**Task to complete**
When you answer, copy every line of the listing below exactly.

BEGIN Information

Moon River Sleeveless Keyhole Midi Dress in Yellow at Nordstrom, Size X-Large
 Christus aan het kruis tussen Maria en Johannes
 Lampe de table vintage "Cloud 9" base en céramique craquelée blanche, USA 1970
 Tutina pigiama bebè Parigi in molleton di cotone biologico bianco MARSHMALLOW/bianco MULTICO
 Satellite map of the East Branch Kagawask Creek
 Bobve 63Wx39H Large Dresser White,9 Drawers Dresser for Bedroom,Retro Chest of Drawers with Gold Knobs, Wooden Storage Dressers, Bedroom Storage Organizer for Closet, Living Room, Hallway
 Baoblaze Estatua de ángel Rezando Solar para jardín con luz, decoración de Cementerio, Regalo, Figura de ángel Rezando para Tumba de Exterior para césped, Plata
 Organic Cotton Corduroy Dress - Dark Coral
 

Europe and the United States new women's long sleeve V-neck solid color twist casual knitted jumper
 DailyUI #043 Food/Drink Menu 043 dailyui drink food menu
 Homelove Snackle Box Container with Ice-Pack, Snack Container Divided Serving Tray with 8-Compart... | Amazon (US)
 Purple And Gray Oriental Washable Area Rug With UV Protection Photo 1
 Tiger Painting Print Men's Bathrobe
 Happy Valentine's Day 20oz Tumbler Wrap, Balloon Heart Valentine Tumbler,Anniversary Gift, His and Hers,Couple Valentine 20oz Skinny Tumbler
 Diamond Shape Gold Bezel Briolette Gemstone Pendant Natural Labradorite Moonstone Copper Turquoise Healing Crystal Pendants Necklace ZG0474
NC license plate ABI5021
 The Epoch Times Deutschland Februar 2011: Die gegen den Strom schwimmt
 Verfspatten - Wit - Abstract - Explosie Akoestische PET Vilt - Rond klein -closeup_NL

END Information

**Result**
Moon River Sleeveless Keyhole Midi Dress in Yellow at Nordstrom, Size X-Large
 Christus aan het kruis tussen Maria en Johannes
 Lampe de table vintage "Cloud 9" base en céramique craquelée blanche, USA 1970
 Tutina pigiama bebè Parigi in molleton di cotone biologico bianco MARSHMALLOW/bianco MULTICO
 Satellite map of the East Branch Kagawask Creek
 Bobve 63Wx39H Large Dresser White,9 Drawers Dresser for Bedroom,Retro Chest of Drawers with Gold Knobs, Wooden Storage Dressers, Bedroom Storage Organizer for Closet, Living Room, Hallway
 Baoblaze Estatua de ángel Rezando Solar para jardín con luz, decoración de Cementerio, Regalo, Figura de ángel Rezando para Tumba de Exterior para césped, Plata
 Organic Cotton Corduroy Dress - Dark Coral
 

Europe and the United States new women's long sleeve V-neck solid color twist casual knitted jumper
 DailyUI #043 Food/Drink Menu 043 dailyui drink food menu
 Homelove Snackle Box Container with Ice-Pack, Snack Container Divided Serving Tray with 8-Compart... | Amazon (US)
 Purple And Gray Oriental Washable Area Rug With UV Protection Photo 1
 Tiger Painting Print Men's Bathrobe
 Happy Valentine's Day 20oz Tumbler Wrap, Balloon Heart Valentine Tumbler,Anniversary Gift, His and Hers,Couple Valentine 20oz Skinny Tumbler
 Diamond Shape Gold Bezel Briolette Gemstone Pendant Natural Labradorite Moonstone Copper Turquoise Healing Crystal Pendants Necklace ZG0474
NC license plate ABI5021
 The Epoch Times Deutschland Februar 2011: Die gegen den Strom schwimmt
 Verfspatten - Wit - Abstract - Explosie Akoestische PET Vilt - Rond klein -closeup_NL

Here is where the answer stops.